Мы с Ленькой отправились на рыбалку. Жгло Солнце. Шла вторая половина августа, жар был уже не тот, что в середине лета, но все же оно так припекало, что мы стащили рубахи, обвязали их вокруг пояса, и все свое позднее тепло Солнце отдавало нашим худым плечам и ключицам. Оно грело песок и отбрасывало вперед наши укороченные тени с удочками в руках.
И все-таки я еще не понимал, что такое Солнце!

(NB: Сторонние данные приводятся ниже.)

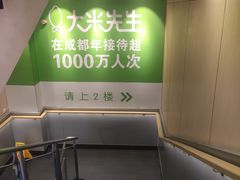 -大米先生(成都青龙街店)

Мы спустились к берегу Лучесы, прошли с километр вверх против течения и отыскали отличное место для рыбалки. Место было тихое, безлюдное. Склоны берега заросли ольшаником, красной смородиной и костяникой, а сам берег у переката был каменист. Там, должно быть, ходили несметные стаи пескарей, а чуть подальше, у глубокого тихого заливчика, благодатно желтел песок. В этом заливчике должен был брать окунь.
Стало совсем жарко. Мы с Ленькой сбросили брюки с майками и остались в одних трусах.
Чутье не обмануло нас: пескари клевали здорово. Мы ловили их с камней — огромных плоских глыбищ, похожих на слоновьи спины. Занесенные в эти края ледниками, они лежали в воде, и на них приятно было сидеть. Одного за другим нанизывал я на кукан пескарей, торкал палочку в узкую щель в камне: пескари, натягивая веревочку, уходили вглубь, а я поправлял червяка и снова забрасывал.
На соседнем камне так же уютно устроился Ленька и, судя по всему, дела у него шли не хуже, чем у меня.
Скоро мы проголодались. Закатав повыше трусы, мы слезли с теплых камней в холодную воду и побрели к берегу.
— Хорошо бы чайком побаловаться, — сказал Ленька, вонзая крепкие зубы в бутерброд с салом. — А то все всухомятку.
— Сейчас соорудим! — Я подошел к брошенным на песок брюкам и сунул руку в карман.
В кармане бренчали медяки, железная пуговица, огрызок карандаша и коробочка из-под вазелина с запасными крючками, грузилами и свернутой в колечко леской. Спичек в кармане не было.
Не оказалось их и в другом кармане. Что за дьявол! Ведь уходя из дому, специально зашел за ними на кухню. Неужели так и не взял?
— А ты не захватил?
— Забыл, — вздохнул Ленька.
— Тогда придется всухомятку. Котелок напрасно брали, и чай, и лавровый лист… И взять-то поблизости не у кого.
Лезть в воду после еды не захотелось, и мы ловили с берега. Поймали несколько плотичек и окуньков, а Ленька даже ершика подцепил — крошечного, иглистого, изогнувшегося запятой.
Солнце клонилось к горизонту. Похолодало.
Мы натянули рубахи, потом влезли в брюки и все сокрушались, что позабыли спички. Уж лучше б соль не взяли, чай оставили б на столе, а то — спички.
Над Лучесой повис туман. Мы быстро построили шалаш. Жаль вот, костра нельзя было разжечь. И попить чаю. Горячего, мутного, в который всегда неведомо откуда попадают иголки хвои и кусочки коры.
Быстро смеркалось.
— Что-то холодно стало, — поежился Ленька и полез в шалаш.
Я нырнул следом.
В шалаше было колко, темно и очень уютно. На землю легла ночь. Стало очень тихо. Даже Лучеса, клокотавшая днем в камнях, к ночи как-то примолкла, подобралась, притаилась.